The legal version of Insider trading is when corporate insiders, officers, directors, and employees buy and sell stock in their own companies. When corporate insiders trade in their own securities, they must report their trades to the necessary financial regulators.
In the United States (U.S.) it’s the Securities Exchange Commission (SEC) where insiders have reports that they must file. The SEC is a financial regulator that’s enforced by the U.S. securities law and has rules to protect the investment from the effects of insider trading.
The SEC has agreements with many countries throughout the world and this gives the SEC access to people who violate U.S. securities law outside the U.S. Insiders in the U.S. are required to file a Form 4 with the U.S. SEC when buying or selling shares of their own companies.

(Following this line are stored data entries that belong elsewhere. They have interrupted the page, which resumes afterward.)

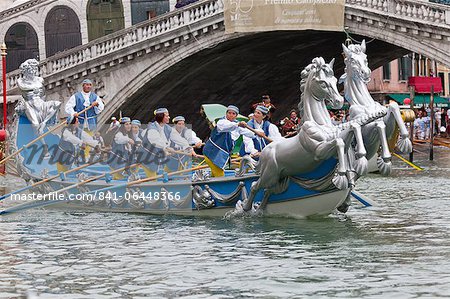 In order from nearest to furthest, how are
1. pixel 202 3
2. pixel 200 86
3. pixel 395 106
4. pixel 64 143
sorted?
pixel 395 106 → pixel 64 143 → pixel 202 3 → pixel 200 86

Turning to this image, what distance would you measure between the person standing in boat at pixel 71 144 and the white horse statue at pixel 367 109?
4713 millimetres

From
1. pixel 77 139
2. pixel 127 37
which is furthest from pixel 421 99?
pixel 77 139

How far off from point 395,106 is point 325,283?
512 cm

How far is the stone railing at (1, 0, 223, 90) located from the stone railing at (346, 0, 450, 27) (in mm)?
4582

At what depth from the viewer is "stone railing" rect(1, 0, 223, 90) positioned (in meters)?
35.9

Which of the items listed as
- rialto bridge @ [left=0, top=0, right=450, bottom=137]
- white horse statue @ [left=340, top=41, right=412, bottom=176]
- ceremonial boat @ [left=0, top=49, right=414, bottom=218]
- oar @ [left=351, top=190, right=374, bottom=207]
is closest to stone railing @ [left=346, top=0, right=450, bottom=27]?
rialto bridge @ [left=0, top=0, right=450, bottom=137]

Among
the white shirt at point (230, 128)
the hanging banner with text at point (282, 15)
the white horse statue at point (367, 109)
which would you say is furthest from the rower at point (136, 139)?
the hanging banner with text at point (282, 15)

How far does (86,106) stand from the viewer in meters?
20.2

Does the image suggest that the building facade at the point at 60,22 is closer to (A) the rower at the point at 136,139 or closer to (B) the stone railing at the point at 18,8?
(B) the stone railing at the point at 18,8

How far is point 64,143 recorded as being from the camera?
19938 mm

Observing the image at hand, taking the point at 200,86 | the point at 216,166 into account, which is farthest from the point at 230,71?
the point at 216,166

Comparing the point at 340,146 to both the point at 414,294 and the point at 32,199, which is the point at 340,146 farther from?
the point at 32,199

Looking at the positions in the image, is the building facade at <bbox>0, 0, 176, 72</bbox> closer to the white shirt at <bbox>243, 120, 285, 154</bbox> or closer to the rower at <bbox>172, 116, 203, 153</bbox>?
the rower at <bbox>172, 116, 203, 153</bbox>

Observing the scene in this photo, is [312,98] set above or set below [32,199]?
above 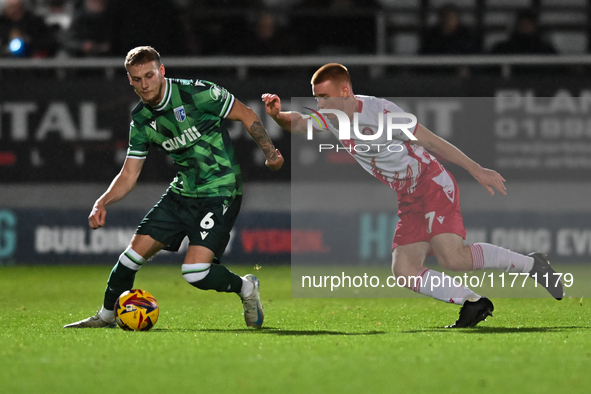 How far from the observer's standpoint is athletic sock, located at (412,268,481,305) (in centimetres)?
620

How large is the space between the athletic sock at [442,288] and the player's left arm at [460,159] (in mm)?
757

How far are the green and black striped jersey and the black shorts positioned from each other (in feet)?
0.23

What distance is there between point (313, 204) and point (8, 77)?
4181mm

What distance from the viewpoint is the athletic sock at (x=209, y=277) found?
616cm

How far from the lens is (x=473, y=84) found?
37.3ft

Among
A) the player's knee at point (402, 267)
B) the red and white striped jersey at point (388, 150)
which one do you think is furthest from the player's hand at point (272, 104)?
the player's knee at point (402, 267)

An “insider” is any person who possesses at least one of the following:
1) Access to valuable non-public information about a corporation this makes a company’s directors and high-level executives insiders.
2) Ownership of stock that equals more than 10% of a firm’s equity
If you’re also an employee who gets offered a stock options package that lets you buy shares of the company for a discount. You’re going to be involved in key changes at the organisation, which means you’ll have a better gauge than most as to the financial health of the business.
Just don’t cross that fine line that exists between legal and illegal insider trading. Considering that insiders know more about a company than others, they must follow a protocol for trading shares so that they don’t unfairly profit from their position. A securities law allows company officials to schedule their stock market trades in advance so as not to give the impression of improprieties.
An insider is legally permitted to buy and sell shares of the firm and any subsidiaries that employ him or her. However, these transactions must be properly registered with the SEC and are done with advance filings.